Das Migazin vom 11.05.2020 berichtet: Für 79 gerettete Bootsflüchtlinge ist das Ausharren auf einem Frachter im Mittelmeer zu Ende gegangen. Für über 150 Menschen geht das Warten weiter. Die UN kritisieren das Zurückdrängen von Flüchtlingsbooten auf dem Mittelmeer scharf.
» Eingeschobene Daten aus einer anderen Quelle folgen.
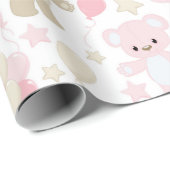 ROZE EN BRUINE TEDDYBEREN MET BALLONNEN CADEAUPAPIER (Rol Hoek)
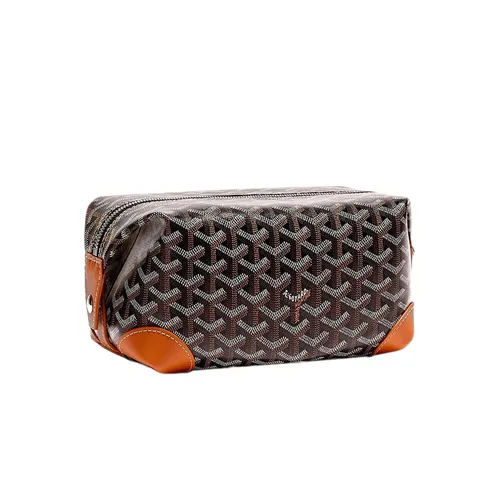 Goyard - Túi Cầm Tay Goyard Bowling 25 Toilet Bag Black/Tan Màu Đen Cam - Vua Hàng Hiệu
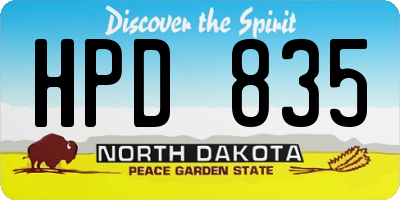 ND license plate HPD835
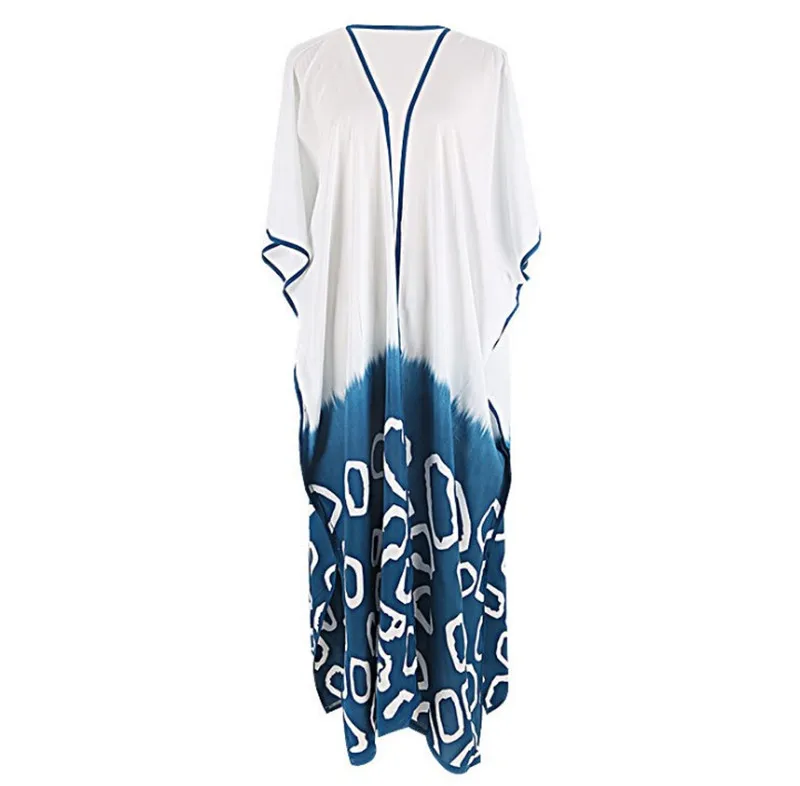 Bohemian พิมพ์ Tie Dye บิกินี่ปกคลุม Kimono ชุดเดรสว่ายน้ำผู้หญิงหลวมฤดูร้อน Beach สวมชุดว่ายน้ำปกคลุม Cardigan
Das UN-Menschenrechtkommissariat hat die restriktive Politik europäischer Staaten gegenüber Bootsflüchtlingen auf dem Mittelmeer scharf kritisiert. Die abwehrenden Maßnahmen gefährdeten Menschenleben, betonte der Sprecher des Hochkommissariats, Rupert Colville, am Freitag in Genf. Laut Berichten verlangten die Behörden Maltas von Handelsschiffen, dass sie Boote mit Flüchtlingen und Migranten auf das offene Meer zurückdrängen. Das sei besonders besorgniserregend.
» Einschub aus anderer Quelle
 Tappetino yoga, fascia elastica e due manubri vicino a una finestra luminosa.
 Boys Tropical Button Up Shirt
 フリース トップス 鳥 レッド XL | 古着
Der UN-Sprecher betonte auch, dass derzeit keine Seenotrettungsschiffe im zentralen Mittelmeer operierten. Die humanitäre Arbeit privater Seenotretter werde laut Berichten von Regierungen behindert und unterbunden. Allen privaten Seenotrettern müsse unbedingt erlaubt werden, ihre Operationen fortzusetzen.

Nach Angaben der Organisation Alarm Phone, die eine Notrufnummer für Flüchtlinge in Seenot betreibt, werden Boote in Seenot im Mittelmeer immer wieder sich selbst überlassen, ohne dass Malta oder Italien oder die EU-Grenzer eingriffen. Immer wieder ertrinken demnach Menschen oder werden nach Libyen zurückgebracht und in den Lagern interniert, wo Folter und Hunger herrschen.